There is excellent reason for VIGOUR body builders to work to develop their backs. The back is one of the most complex parts of the anatomy -- the one which takes an active part in a great many of our muscular movements. The entire nervous system centers in the spinal column, running from the base of the skull to the body through the hollow bone-tube of the flexible spine. And the interweaving formation of the various back muscles presents a picture of power and beauty in a well developed back.

Take a look at the accompanying photo of my friend Steve Reeves and you can see an little of the interesting interweave and play of these back muscles. Probably most VIGOUR readers are familiar with the location and functions of the large triangular-shaped muscle that runs from the back of the neck to about halfway down the back with its third point fastened to the collar bone on top of the shoulder. It's functions are to raise or shrug the shoulders, draw the head and shoulders back, and to assist in drawing the head from side to side. 

The latissimus dorsi is considered by many to b a muscle which improves the physique's appearance from the front, although it is in reality the greatest of the back muscles. Look at the magnificent latissimus Steve Reeves is demonstrating in that photo. It is the great muscle which originates at the six bottom-most dorsals, and extends to the lumbar and sacral vertebrae, and also up an around to the underside of the upper arm bone. The functions of this beautiful back muscle are to draw the arms backward an downward, and also to draw the arms to the sides. Later on you will see how these are accomplished, and how beautifully they can be developed, in one of my favorite among all exercises. 

A less well-known back muscle, although important, is the infraspinous group: (the infraspinalis and the teres major),  a little knot of muscle below the back of the deltoids, which help to draw the shoulders down. It can be plainly seen on Steve's mighty back in the photo: the little know of muscle just below Steve's shoulder at the base of the arm in the back. 

There there is the twin rope of the spinus erectus, that vertical cable of muscles at the sides of the spinal column. I have seen Dick Trusdell hide half his hand in the deep valley between Steve's spinal erectus muscles, when he placed his hand on-edge there. these great "cables" of muscle on a well-developed man are the muscles by which he lifts great weight when bending over an comes into a standing position. 
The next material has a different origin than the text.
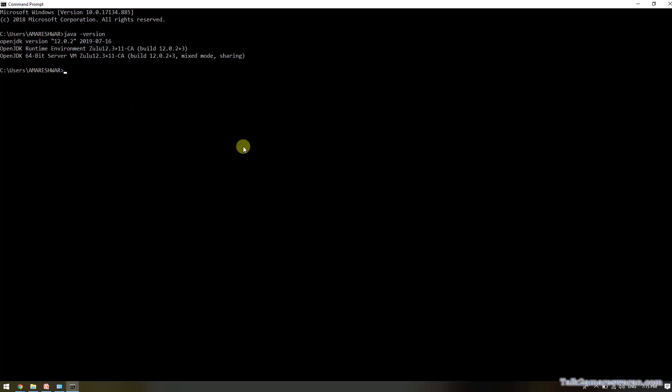Now I have successfully installed the Azul JDK 12 on the Windows 10 machine. If you execute java -c, you can see the command.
Other back muscles include the minor and major rhomboids, which elevate and retract the shoulder blades; and the inferior and superior serratus posticus, which depress and raise the ribs from behind in inhaling and exhaling. All of these, too, are important, but we need not give them any special consideration in our exercise routines, because it is difficult to develop the major muscles of the back without also developing the lesser ones as well. It would take a muscle control artist to isolate all the over two dozen back muscles separately, so let's get to work on our exercises. 


Exercise One
BACK OF THE NECK CHINS

Chin to Back of Neck,
Wide, and Narrow Grip Versions.


The back of the neck chin on the horizontal bar is my favorite exercise of all. I have done it for a great many years, and it still remains my prime favorite, for general all-round back development. It is particularly good for the latissimus dorsi, and if I have achieved any measure of success in developing those handsome muscles, it is due to the the back of the neck chin to a large degree. However, the exercise is also excellent for almost all of the back muscles, as well as for the deltoids and the arm muscles. 

Grasp the horizontal bar, with the hands about 28 to 30 inches apart, the palms turned forward. Now perform the "chin" movement, only to the BACK of the neck, the bar passing behind the head.
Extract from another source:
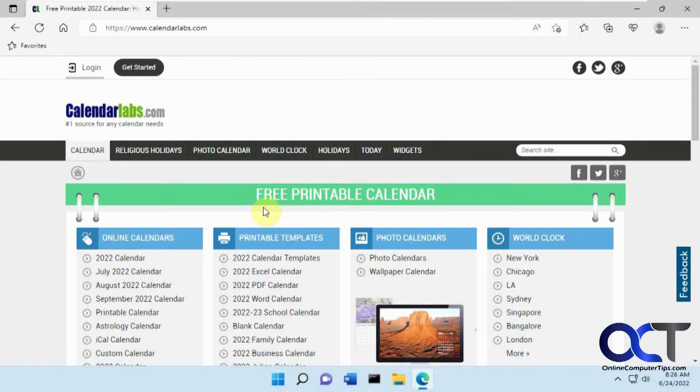Hi, in this video we're going to show you how to create a custom calendar from Microsoft Excel. And to do that, we're going to get it from CalendarLabs.com.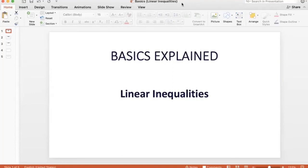Today, we'll discuss the basics of linear inequalities — what happens when a linear inequality is worked upon, when terms are shifted from one side to the other, etc.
I suggest that you do about 3 sets of 10 to 15 reps at first. When you reach a point at which it is easy, add a bit of weight, and continue. Be sure to do the movements at an even rate of speed, without "jerking" yourself up. When you become adept at it, and the latissimus and other back muscles are quite strong, you can lay a barbell across the bend of the knees, holding it in the crook of the knees, and continue your repetitions. I use about 200 pounds now for 3 sets of 10 reps. 

[Whoa! That is some fine damn chinning behind the neck all right.]


Exercise Two
STIFF LEGGED DEAD LIFT

The next excellent back exercise is the stiff legged deadlift with the barbell. The grip should be a little more than shoulder width apart, with each hand turned a different way on the bar, palms facing opposite directions to each other. In doing the lift, straighten up to full with the weight, even to the extent of arching the back a little to get the maximum possible contraction, throwing the shoulders back and the chest out. 
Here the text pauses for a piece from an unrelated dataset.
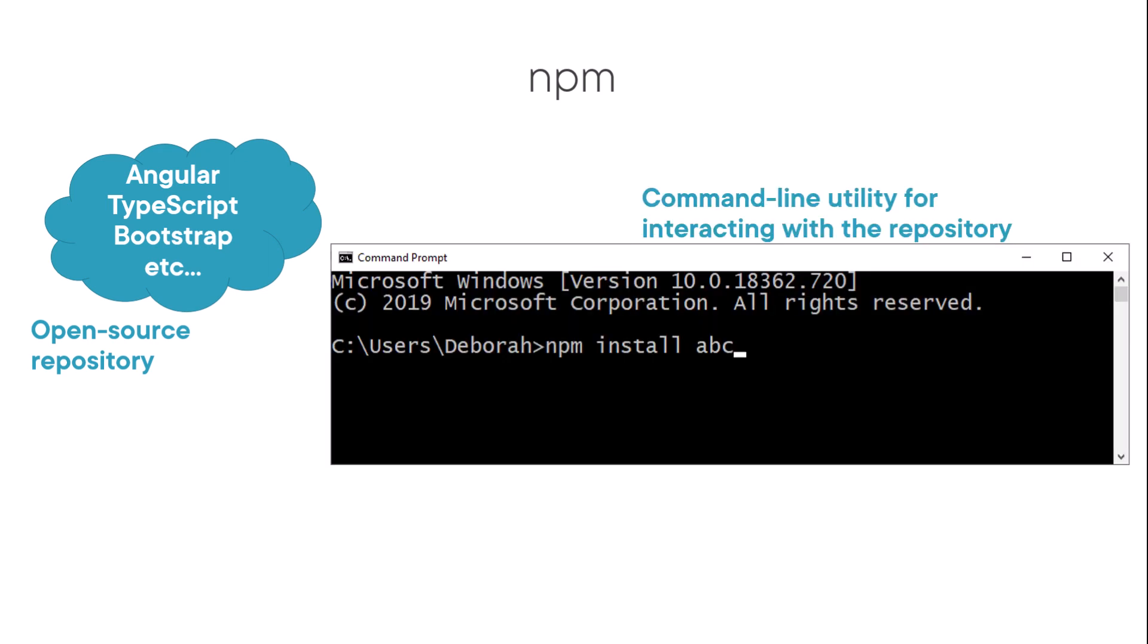Second, NPM is a command-line utility for interacting with that repository. We can type commands, such as NPM install some library name. NPM will locate the specified library in the repository and install it on your local machine in a subfolder of the current folder named node_modules.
Do not use too great a weight at first, or you may injure your back.

I recommend 3 sets of 15 reps each, the last done standing on a bench, letting the bar down past the toes. You will find this exercise is excellent for the latissimus dorsi and the spinal erectus muscles, especially if you take care to s-t-r-e-t-c-h the latissimus as much as possible in bending down with the weight.

(Incidentally, I have had some considerable "kidding" by some of my English body building friends about the way I spell stretch -- particularly by my pals Ken Knowles and Robo Robinson of the Lancastrian Brigade P.T. Staff. To them, and to all VIGOUR readers, I say, whether you spell it "stretch" or "s-t-r-e-t-c-h," I still want you to do it: s--t--r--e--t--c--h, and then do it again!)

[An add-on from Mr. Stephan there!]


Exercise Three
GOOD MORNING EXERCISE 

Here is an excellent exercise for the spinal erectus muscles; it is guaranteed to shake the "kinks" out of the back after a deep sleep, in the morning! 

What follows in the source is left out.